86 Md. 259 | Md. | 1897

Bryan, J.,

delivered the opinion of the Court.

The present is one of the many actions which have been brought to recover damages caused by the construction of the elevated railway structure belonging to the appellant. Robert Garrett brought the action in his lifetime; and after his death his executors became parties plaintiff. The j udgment having been rendered in favor of the plaintiffs, an appeal was taken by the defendant.

Garrett was the owner of a lot of ground fronting on the west side of North street. The elevated structure of the defendant was in front of a portion of this lot, and was alleged to injure the property and diminish its value. A particular description of the lot and the structure is not considered necessary, as they are fully described in the opinions deliv*269ered in the equity suit brought by Garrett against the defendant, and reported in 79 Maryland. At the trial a demurrer was filed to the declaration as it was amended after the executors were made parties. It was contended that the executors had no right of action for injuries done to the real estate in the lifetime of the testator. We think that if this question were ever debatable, it must be considered as settled in this State. Kennerly's case, 1st Maryland, 107; Same case, 2 Maryland, 245; Barton Coal Company's case, 39 Maryland, 1.
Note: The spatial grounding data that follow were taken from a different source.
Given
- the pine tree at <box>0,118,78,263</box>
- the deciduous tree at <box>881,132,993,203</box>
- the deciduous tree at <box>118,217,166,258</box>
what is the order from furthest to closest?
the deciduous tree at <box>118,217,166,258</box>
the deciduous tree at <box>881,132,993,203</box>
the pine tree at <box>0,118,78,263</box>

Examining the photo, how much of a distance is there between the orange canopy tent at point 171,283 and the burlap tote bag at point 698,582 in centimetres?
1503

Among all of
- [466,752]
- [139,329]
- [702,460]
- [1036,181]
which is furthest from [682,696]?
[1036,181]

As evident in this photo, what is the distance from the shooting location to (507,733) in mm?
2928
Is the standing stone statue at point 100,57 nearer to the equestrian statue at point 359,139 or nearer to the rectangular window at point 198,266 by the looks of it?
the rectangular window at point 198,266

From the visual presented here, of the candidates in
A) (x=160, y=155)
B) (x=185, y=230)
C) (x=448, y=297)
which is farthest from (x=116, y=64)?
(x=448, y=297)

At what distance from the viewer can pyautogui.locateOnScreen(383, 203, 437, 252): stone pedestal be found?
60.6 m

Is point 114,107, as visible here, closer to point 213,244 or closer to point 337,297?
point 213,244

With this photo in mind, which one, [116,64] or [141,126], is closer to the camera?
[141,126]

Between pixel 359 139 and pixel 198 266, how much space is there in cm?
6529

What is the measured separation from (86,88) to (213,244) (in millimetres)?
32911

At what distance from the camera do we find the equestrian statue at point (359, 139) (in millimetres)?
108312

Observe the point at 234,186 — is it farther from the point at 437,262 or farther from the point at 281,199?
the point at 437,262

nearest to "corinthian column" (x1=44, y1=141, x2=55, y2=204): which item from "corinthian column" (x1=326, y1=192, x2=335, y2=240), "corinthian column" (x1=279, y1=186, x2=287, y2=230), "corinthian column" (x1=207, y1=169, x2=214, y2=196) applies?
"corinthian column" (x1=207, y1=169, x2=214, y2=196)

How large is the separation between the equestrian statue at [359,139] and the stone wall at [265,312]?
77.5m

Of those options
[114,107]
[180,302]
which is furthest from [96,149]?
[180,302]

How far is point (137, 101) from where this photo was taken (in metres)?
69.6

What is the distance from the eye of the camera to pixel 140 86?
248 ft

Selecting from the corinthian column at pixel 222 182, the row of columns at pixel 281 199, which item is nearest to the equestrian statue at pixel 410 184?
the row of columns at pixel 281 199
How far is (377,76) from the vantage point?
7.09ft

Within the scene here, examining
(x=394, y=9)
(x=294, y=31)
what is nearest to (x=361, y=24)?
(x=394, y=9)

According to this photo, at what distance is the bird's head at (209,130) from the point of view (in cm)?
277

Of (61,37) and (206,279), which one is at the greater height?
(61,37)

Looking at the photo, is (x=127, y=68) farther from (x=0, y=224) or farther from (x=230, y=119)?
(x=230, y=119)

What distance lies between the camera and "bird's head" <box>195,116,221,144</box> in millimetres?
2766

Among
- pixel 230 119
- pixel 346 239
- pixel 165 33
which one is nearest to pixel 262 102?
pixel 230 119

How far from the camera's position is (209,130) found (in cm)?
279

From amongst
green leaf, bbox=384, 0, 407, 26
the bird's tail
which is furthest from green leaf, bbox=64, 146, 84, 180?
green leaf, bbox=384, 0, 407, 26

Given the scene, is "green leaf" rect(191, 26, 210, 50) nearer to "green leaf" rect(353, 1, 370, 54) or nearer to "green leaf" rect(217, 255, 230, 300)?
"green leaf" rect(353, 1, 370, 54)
Testimony was offered by the plaintiffs tending to show that the lot was damaged by the construction of the elevated crossing. Albert L. Gorter testified that he knew the market value of the lot before the railroad was built, and its market value after it was built; and that before the building of the road it was worth more than fifty-two thousand dollars ; and that after it was built the value was fifteen thousand less ; that the lot was damaged to this extent by the railroad. He was then asked the following question : “ Q. Assuming the value of the lot after the construction of the railway, the value of the property to have been $37,066.67, what, in your opinion, would have been its value in 1894, if there were no elevated structure in front of it? A. $15,000 more.” Defendant objected, and its objection being overruled, took an exception. The evidence seems to be merely the statement in another form of the estimate which the witness had already made.
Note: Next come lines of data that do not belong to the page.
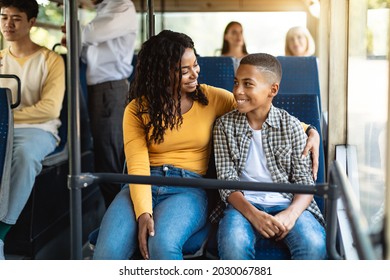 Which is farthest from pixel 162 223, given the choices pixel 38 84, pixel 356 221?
pixel 38 84

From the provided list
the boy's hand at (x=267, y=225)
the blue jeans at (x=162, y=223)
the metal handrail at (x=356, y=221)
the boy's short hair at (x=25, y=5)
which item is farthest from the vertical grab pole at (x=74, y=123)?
the boy's short hair at (x=25, y=5)

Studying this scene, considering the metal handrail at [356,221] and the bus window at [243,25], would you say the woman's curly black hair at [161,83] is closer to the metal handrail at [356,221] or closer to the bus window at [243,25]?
the metal handrail at [356,221]

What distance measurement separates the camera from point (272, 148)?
2.57 metres

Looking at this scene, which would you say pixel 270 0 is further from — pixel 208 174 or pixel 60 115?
pixel 208 174

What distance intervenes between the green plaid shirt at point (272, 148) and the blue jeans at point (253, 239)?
0.13 meters

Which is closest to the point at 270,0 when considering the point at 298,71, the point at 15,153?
the point at 298,71

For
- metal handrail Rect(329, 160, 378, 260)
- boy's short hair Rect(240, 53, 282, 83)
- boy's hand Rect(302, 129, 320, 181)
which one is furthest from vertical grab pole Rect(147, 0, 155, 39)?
metal handrail Rect(329, 160, 378, 260)

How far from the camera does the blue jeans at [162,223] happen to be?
239 centimetres

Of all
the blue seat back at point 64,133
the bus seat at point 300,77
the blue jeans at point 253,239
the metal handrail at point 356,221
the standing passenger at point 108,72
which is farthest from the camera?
the standing passenger at point 108,72

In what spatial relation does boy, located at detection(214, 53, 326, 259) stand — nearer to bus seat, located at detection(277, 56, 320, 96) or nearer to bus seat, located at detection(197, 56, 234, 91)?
bus seat, located at detection(197, 56, 234, 91)

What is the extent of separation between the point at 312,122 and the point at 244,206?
0.67 m

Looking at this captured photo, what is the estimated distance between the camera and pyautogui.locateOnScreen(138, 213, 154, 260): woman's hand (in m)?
2.44

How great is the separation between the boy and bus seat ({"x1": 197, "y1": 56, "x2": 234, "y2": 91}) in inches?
31.1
The plaintiffs offered other evidence tending to show that the lot had been greatly injured by the construction of the elevated crossing in front of it; and that a general rise in the value of property in the neighborhood had taken place since the building of the road; that it was not owing to the existence of the road, but to other causes operating at the same time. The defendant produced certified copies of certain deeds, and tendered them in evidence for the purpose of showing for what price the property was sold which was therein described. On objection by the plaintiffs the Court *270rejected the evidence and the defendant excepted. These certified copies are evidence that the grantors validly conveyed to the grantees the property therein described. In other words there are evidence of every circumstance necessary to make the deeds valid conveyances. As between the parties the acknowledgements of the payment of the considerations are evidence that they were actually paid. And if the deeds should be attacked for fraud in a suit at law or in equity we may concede (for the sake of the argument) that the parties alleging that the considerations were not paid would be obliged to sustain the charge by proof. And that the presumption of innocence would apply in favor of the party charged with fraud, and that the onus of proof would rest upon his assailant. But as between parties in no way connected with the deed, the statement by the grantor that he had received so much money would be res inter alios acta; it would be hearsay pure and simple. A statement made by a stranger that he had concluded a transaction with another stranger can have no binding effect upon third persons ; it .is certainly not entitled to be received as evidence without the sanction of an oath made by some witness acquainted with the fact. In Lloyd v. Lynch, 28 Pennsylvania State R. 424, the Court, speaking of an acknowledgement of the payment of the consideration contained in a deed, as it affected strangers to the instrument, said : Against them, it is nothing but hearsay. It is a mere ex parte declaration not under oath, taken without any opportunity to cross-examine. It has long been settled that such declarations are not evidence against strangers.”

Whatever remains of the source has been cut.